DJIA: 15,855.12 – this price point was breached.
This analysis is published about 10:19 p.m. EST.
Folks, keep your eye on the ball. To use Lara’s oft repeated phrase, the trend is down until proven otherwise. Today’s action is an outstanding example of why traders so often loose money- we let our emotions get the best of us. Considering the plethora of information we have about this market, today’s head-fake is probably nothing more than a classic bull trap, thanks to the conniving banksters. Don’t fall for it. Smart traders are shorting the you-know-what out of this pop.
I totally agree. Market gaps up with no momentum during regular trading hours. Interesting is the Shanghai composite not moving up with other asian markets.
Agreed. Resistance again right at that blue trend line. A 0.382 retracement.
It looks like that was it, over during Friday.
1951 does not seem far away with futures up this morning. If this breaks what would be the next target?

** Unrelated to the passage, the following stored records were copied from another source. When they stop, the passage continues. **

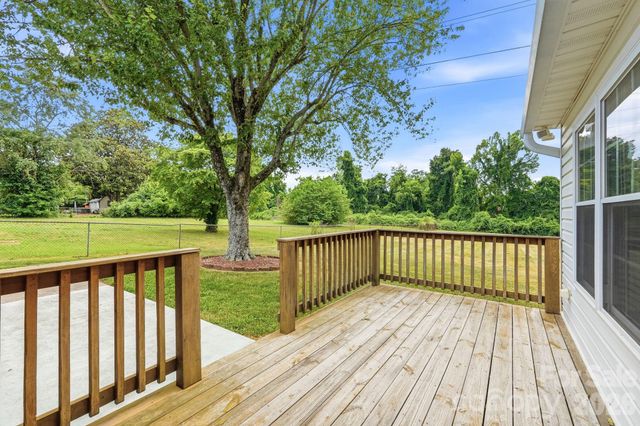 112 Queensbury Road, Winston Salem, NC 27104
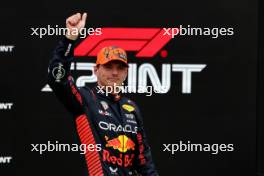 Max Verstappen (NLD) Red Bull Racing celebrates securing the first grid position for Sprint in parc ferme. 01.07.2023. Formula 1 World Championship, Rd 10, Austrian Grand Prix, Spielberg, Austria, Sprint Day.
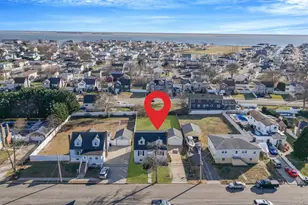 67 Orchard St, Lindenhurst, NY 11757 - Photo 3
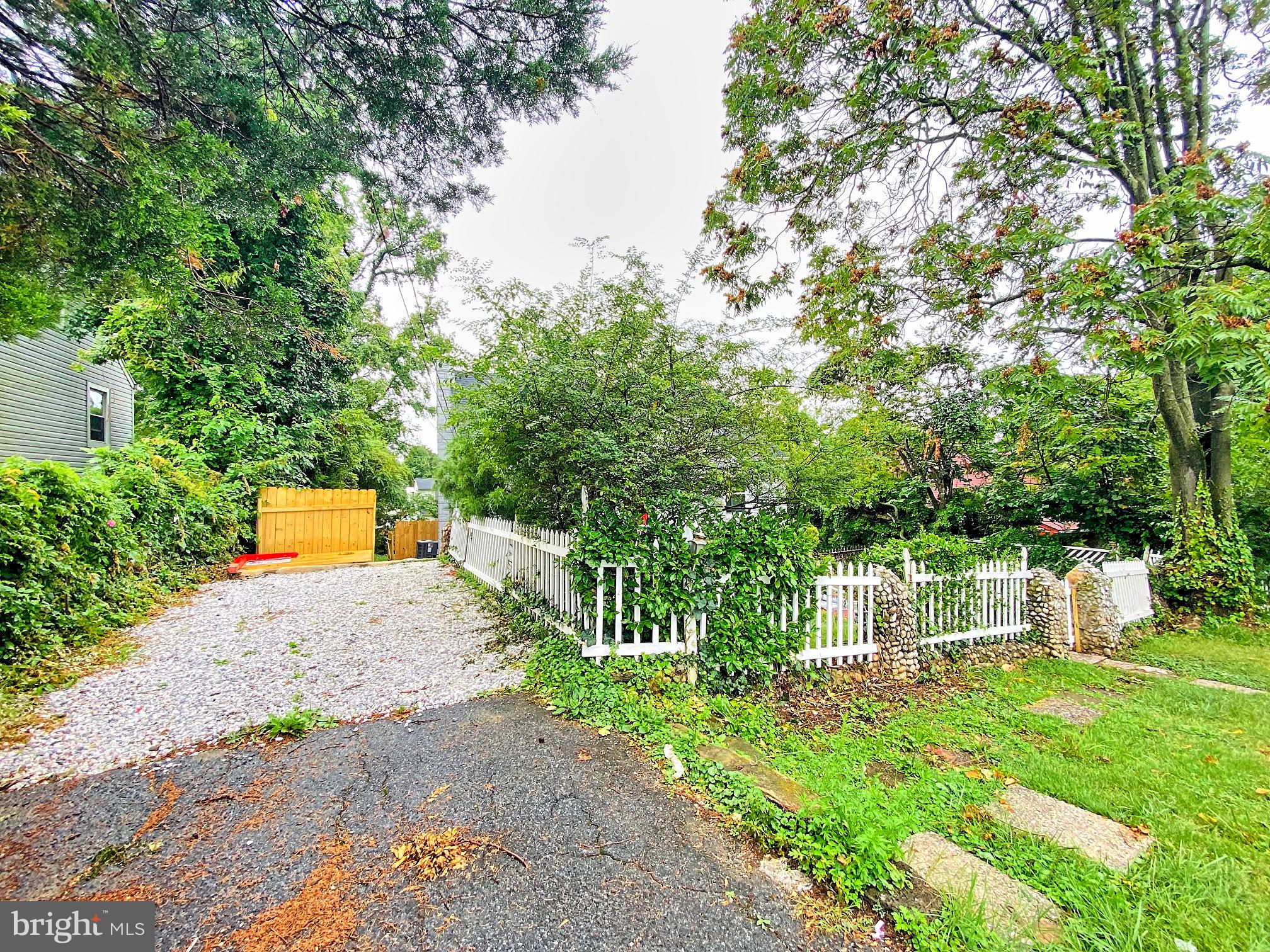 OXON HILL - Residential Lease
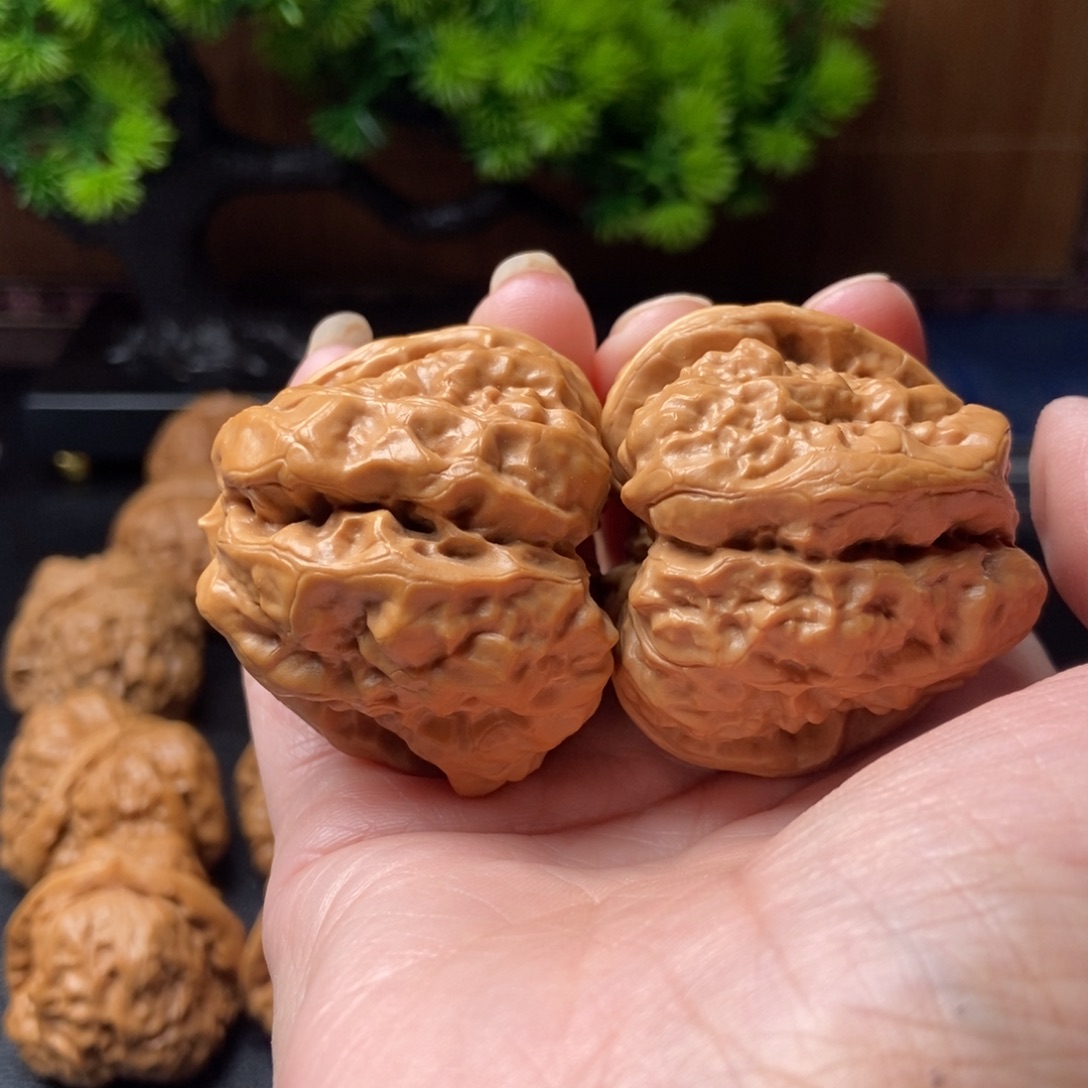 开***果把件文玩核桃蛤蟆头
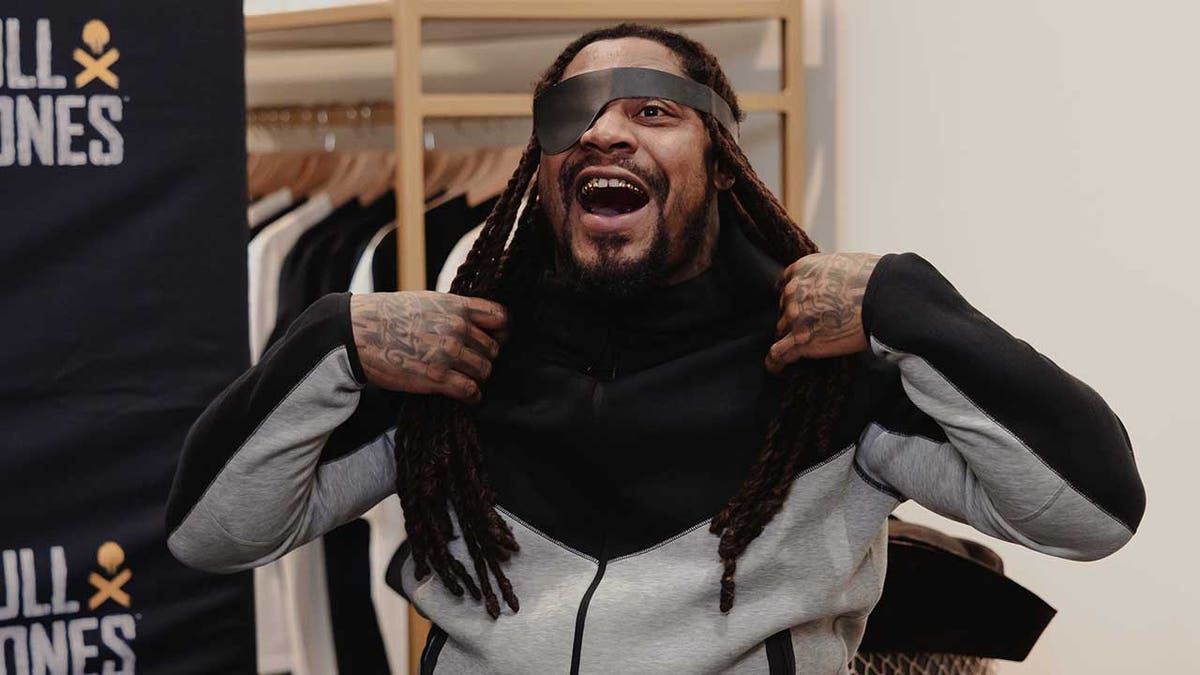 marshawn lynch images 0049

Lara’s 1951 is very close to the 20 day SMA currently at 1954. Above that is the upper bollinger band at 1999, the 50 day SMA at 2023, and 100 day SMA at 2061. Levels all at real time. The most likely resistance would be the upper bollinger band which was nearly touched at the Sept 17th upward correction, and lower band tested yesterday; and bounced back… just my 2 cents
I think an interesting area for any second wave re-trace would be around 1967 ish.
This would be close to the 0.5 fib level and also close the gap in the chart prior to any further downward movement.
Lara, can you elaborate a little more on why it is possible that downward movement may have ended? Is it because there was a five structure from 1920 to today’s low of 1908?
Yes, technically the last wave down (to the low today) will subdivide as a complete five.
And so it is just an outside possibility that the correction could be over if it’s primary wave 4.
But the probability is very low indeed. I have close to no confidence in that idea.
Lara, with today’s move potentially starting a correction, and with quarter end coming up in just a few days, I would not be surprised to see this correction last up to 5 days to get the market through 9/30 to keep from looking too terribly bad for the quarter. If Minuette and Minute iii get rolling on the downside, it will cause S&P to print a pretty ugly quarter….but, that may be what keeps things rolling down hill in October to get to 1638.
We shall see – no positions right now. Had a few positive trades this week on the S&P, I will be patient on another set up.
Best,
B
I would be quite surprised to see this second wave last that long.
I think we may have it over during Friday at the high for that day.
And I think the bright blue trend line providing resistance again offers potentially a great set up.
When lines provide support / resistance, are broken, and then price throws back to the line it offers a great opportunity to join a trend. This is one of my favourite entry techniques, partly because the stop can be set quite close just beyond support / resistance and so the risk can be quite low.
In this case the reward is huge. So the risk / reward ratio looks very attractive indeed.